The first and most important step is to limit the personal information you share online. Facebook alone has over 1 billion users and I’m willing to bet that you are one of them. In most cases, that presents an enormous amount of publicly available personal information to any stalker willing to spend a few minutes in front of a computer. Information such as:
- Your full name
- The city in which you live
- Where you work
- Names of your friends
- Your interests and hobbies
- Where you like to eat
- Your political views
Those are just a few examples. Did you know that depending on your privacy settings, posting to certain social media websites may even disclose your exact location and the time you arrived for the world to see? Sure, it’s fun to share your life with friends and family, and the Internet makes that a lot easier; especially when they’re scattered around the country, but you need to be aware of the risks you’re taking. If possible, either limit your social media contacts to people you already know very well in real life and ensure that your profile can only be accessed by them, or do not post any personal information.

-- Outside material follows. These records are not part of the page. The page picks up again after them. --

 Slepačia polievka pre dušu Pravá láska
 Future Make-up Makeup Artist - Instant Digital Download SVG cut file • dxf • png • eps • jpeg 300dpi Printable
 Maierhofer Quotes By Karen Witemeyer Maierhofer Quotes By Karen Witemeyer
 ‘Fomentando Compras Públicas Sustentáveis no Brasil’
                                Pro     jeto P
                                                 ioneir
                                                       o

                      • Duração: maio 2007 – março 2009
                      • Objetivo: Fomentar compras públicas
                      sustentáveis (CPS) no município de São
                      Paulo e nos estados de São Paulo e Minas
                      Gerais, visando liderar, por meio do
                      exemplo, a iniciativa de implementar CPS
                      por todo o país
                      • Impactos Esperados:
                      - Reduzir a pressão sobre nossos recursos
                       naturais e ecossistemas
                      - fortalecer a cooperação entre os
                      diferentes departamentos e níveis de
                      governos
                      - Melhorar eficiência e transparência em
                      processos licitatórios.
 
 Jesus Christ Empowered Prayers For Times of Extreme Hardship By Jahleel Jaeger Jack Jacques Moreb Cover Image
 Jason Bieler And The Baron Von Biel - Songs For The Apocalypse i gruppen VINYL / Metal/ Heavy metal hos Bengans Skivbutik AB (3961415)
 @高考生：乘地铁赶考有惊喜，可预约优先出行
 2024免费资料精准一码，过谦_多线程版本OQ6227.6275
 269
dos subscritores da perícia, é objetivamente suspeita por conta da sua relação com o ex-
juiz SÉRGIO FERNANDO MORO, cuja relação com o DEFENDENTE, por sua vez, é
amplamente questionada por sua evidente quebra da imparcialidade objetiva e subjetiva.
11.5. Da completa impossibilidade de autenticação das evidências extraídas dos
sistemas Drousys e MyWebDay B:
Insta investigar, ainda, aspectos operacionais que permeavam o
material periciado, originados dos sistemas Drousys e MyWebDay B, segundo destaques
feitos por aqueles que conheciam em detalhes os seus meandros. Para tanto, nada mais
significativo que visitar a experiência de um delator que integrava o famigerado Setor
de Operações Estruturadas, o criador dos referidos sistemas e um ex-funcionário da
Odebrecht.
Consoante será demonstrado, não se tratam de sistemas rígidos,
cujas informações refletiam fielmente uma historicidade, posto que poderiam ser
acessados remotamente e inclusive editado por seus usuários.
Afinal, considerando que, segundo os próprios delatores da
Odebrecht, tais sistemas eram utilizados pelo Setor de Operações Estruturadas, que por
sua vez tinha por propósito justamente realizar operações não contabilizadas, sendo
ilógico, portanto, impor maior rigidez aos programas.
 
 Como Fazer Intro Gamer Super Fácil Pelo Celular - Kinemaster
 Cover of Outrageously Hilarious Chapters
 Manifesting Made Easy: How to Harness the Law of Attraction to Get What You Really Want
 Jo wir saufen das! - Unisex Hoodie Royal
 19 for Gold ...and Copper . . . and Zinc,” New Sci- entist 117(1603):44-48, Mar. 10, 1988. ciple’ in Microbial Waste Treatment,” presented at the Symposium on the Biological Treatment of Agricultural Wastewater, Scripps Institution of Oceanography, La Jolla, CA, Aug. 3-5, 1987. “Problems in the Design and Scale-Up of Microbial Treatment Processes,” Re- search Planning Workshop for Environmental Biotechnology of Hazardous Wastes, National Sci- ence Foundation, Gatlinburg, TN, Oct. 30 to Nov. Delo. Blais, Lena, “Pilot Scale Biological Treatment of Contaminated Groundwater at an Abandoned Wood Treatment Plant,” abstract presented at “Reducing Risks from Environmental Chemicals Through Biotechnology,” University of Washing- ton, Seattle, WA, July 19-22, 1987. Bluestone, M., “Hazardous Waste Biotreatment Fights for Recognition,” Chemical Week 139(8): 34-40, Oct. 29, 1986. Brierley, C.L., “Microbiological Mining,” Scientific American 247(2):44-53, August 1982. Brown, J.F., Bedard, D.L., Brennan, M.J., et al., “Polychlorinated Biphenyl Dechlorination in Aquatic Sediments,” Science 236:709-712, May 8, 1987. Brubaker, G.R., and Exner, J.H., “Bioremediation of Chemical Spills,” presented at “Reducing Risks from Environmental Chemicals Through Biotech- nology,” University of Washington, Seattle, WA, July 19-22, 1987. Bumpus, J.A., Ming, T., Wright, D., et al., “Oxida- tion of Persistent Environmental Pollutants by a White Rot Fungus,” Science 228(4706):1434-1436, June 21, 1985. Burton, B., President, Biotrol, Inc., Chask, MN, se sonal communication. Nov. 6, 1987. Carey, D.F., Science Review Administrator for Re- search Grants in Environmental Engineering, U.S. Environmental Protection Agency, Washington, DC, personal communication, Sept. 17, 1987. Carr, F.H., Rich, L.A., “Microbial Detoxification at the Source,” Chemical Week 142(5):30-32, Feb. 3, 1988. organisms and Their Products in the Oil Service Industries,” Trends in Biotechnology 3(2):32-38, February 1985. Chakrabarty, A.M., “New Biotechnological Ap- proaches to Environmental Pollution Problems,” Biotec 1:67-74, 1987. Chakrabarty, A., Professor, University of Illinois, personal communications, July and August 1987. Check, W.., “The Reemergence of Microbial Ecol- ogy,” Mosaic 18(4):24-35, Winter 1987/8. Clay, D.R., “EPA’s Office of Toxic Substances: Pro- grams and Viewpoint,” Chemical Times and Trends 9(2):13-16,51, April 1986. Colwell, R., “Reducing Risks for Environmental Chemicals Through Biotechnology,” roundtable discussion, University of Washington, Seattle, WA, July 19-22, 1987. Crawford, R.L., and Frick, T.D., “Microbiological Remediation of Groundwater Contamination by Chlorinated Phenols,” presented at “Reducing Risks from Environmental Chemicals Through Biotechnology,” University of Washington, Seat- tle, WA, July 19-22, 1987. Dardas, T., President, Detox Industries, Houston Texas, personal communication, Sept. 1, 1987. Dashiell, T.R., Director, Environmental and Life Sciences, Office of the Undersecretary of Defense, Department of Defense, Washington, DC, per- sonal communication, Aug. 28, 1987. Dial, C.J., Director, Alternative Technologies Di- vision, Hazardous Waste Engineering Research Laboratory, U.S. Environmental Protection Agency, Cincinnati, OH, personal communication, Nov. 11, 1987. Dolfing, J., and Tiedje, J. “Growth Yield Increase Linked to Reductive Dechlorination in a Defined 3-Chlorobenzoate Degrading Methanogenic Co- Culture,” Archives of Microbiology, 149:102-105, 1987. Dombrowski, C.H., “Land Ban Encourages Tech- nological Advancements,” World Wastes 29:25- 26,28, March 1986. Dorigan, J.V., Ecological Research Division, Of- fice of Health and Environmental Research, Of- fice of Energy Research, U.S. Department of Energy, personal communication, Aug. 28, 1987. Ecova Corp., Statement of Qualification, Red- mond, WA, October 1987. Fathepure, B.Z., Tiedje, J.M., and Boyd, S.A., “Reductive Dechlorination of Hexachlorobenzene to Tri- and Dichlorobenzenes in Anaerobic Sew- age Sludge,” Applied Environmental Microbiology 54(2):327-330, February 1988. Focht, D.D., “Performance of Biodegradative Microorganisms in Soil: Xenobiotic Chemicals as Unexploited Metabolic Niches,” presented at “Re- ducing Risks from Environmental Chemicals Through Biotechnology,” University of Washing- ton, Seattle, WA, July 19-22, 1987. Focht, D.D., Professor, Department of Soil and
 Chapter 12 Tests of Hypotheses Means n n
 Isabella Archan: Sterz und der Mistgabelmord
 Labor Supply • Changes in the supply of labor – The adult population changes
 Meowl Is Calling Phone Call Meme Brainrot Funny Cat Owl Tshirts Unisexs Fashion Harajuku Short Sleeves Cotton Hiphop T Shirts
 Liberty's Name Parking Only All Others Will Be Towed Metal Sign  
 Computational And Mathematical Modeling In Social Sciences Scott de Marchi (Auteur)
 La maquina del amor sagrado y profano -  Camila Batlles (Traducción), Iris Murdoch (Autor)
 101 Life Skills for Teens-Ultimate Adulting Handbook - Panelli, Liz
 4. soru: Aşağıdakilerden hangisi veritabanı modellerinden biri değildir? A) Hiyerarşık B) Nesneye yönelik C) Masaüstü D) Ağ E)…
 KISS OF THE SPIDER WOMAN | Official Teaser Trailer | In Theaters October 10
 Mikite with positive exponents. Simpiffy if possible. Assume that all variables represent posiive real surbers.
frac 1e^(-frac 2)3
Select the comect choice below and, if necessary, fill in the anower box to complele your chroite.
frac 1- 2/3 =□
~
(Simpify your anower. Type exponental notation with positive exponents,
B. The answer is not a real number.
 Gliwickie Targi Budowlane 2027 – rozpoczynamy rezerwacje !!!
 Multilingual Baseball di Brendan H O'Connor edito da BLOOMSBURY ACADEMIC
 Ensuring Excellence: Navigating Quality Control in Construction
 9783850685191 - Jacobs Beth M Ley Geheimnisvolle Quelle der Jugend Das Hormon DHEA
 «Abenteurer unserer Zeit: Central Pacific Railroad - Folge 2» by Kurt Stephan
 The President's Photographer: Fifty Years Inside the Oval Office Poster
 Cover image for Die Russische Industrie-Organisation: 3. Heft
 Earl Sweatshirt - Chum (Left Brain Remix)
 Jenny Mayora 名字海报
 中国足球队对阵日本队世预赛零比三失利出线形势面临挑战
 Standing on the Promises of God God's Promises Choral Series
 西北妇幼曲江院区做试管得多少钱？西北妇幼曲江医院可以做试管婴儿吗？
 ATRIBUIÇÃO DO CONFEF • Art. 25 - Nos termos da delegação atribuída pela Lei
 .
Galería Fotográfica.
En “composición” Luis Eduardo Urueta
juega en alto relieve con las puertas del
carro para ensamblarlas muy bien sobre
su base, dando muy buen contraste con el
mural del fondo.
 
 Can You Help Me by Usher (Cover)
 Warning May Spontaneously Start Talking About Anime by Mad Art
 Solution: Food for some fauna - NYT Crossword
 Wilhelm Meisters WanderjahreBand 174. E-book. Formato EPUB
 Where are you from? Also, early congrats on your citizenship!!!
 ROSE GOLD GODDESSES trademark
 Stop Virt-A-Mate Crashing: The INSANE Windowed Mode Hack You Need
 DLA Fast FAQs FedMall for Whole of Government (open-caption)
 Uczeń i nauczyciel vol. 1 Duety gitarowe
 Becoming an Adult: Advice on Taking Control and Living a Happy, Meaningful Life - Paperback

Guarding your personal information is just as important offline, too. It’s easy to disclose enough information for a stalker to track you down without even realizing it. Think about all the cars you’ve seen with a bumper sticker proudly announcing where the owner went to college, where their children go to high school, or even what neighborhood they live in. That friendly stranger who chats with you every morning in line at Starbucks may not be so innocent, and the vagrant rummaging through your garbage might be looking for more than his next meal. One seemingly trivial detail can lead to another, followed by another, and another, until eventually, they know everything they want to about your life. For an idea of just how easily someone with a manipulative personality can learn about you from one piece of information, read Social Engineering: The Art of Human Hacking; you’ll be shocked!
Conduct a background check whenever you hire someone. This does not apply only to business owners—we all hire people from time to time; for example, perhaps you’ve hired a landscaper, babysitter, or a contractor. Any one of these people, if unstable, could become obsessed with you and your life after just a single interaction. While a background check isn’t guaranteed to weed-out all wackos, it’s likely that a stalker has been in trouble before, so you may see a warning sign before allowing them into your life.
Avoid patterns, such as your route to and from work, what time you leave and arrive, or where you shop. The less predictable you can become, the more difficult it will be for a stalker to become interested in you to begin with, not to mention, find you.
If you want to make it damn near impossible for stalkers to find you, I highly recommend How to Be Invisible, by J.J. Luna. I recently read his most recent (3rd) edition of this book because I am what you might call “outspoken” when it comes to politics and society, so I have received more than my share of threats. I’m not about to compromise on my principals or values, but at the same time, I must keep my family safe, and making it harder for the crazies to find us is essential to that goal. The advice found in this book makes that possible.